Here you can see how the neck joint glue failed and string tension made that fretboard extension and soundhole area a real mess. Look at that dip!
The 6-tuner side of the headstock is split wide-open in two places. I haven't quite figured out how I'm going to stabilize this but I imagine I'll be adding two support bolts as well as doweling and splinting the split pieces back together.
After removing the fretboard extension, the neck slid right off, but it did leave a bit of itself behind in the joint.
Here's the endpin/tailpiece area and note the water damage and the swelled and separating sides coming loose from the endblock... sigh!
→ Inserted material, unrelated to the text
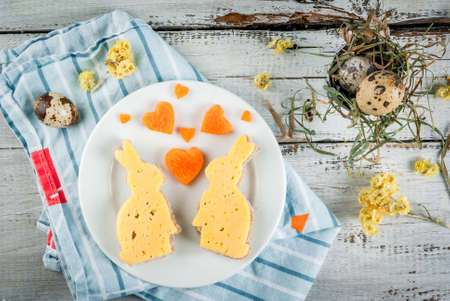 Cute and funny breakfast for Valentine's Day or  Easter: sandwiches in the form of bunnies, hearts supplemented carrot and quail eggs.の写真素材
The endblock itself is actually swollen past the bottom of the side.
So... I opened the seam up and carved it down flat with my chisels and whittling knives and then clamped up the sides to the endblock using these thin violin f-hole clamps. I've found these clamps to be invaluable tools for getting into hard-to-reach areas. If you're inventive enough you can do a whole ton on the inside of the instrument without having to totally remove the back or top.
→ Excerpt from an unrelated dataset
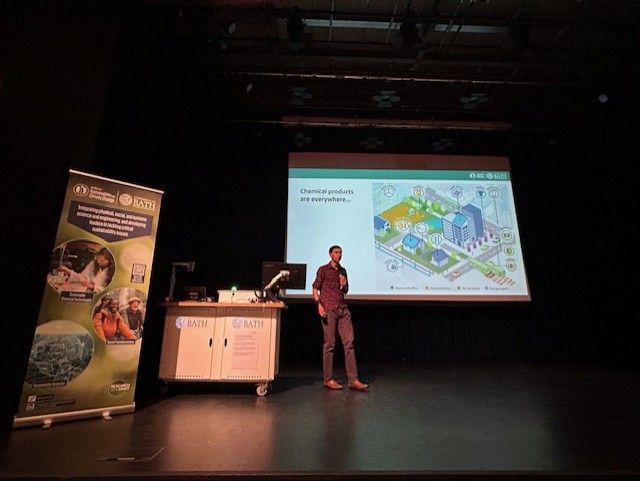 Dr Rick Lupton presents at the Summer Showcase in front of a PPT.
Here, for example, I've reglued the one loose brace on the back by using wood shims as clamps by wedging them against the top.
The section under the fretboard extension had no bracing when the guitar arrived and is severely warped. Since there's little that the above-soundhole part of this guitar will do to add to the guitar's tone, I'm installing this lightweight but big honking piece of pine as a giant brace/patch to reinforce this area. Most ladder-braced guitars from this time have trouble in this section with the tension of 6 strings, but the extra 3 can really do them in (as evidenced by what happened to this in the first place). That wedge will butt up right against the neck block, providing extra strength directly to counter the neck's push.
I may end up carving it down a bunch after it's in place, but I want it to be fairly stiff while it's clamping to restore the top's shape.
I may end up carving it down a bunch after it's in place, but I want it to be fairly stiff while it's clamping to restore the top's shape.
Here it's clamped-up and it's already restored the straightness to the top in that area. Note that all of my clamping blocks have masking tape to keep them from getting stuck to the surface if glue seeps out of any hairline cracks.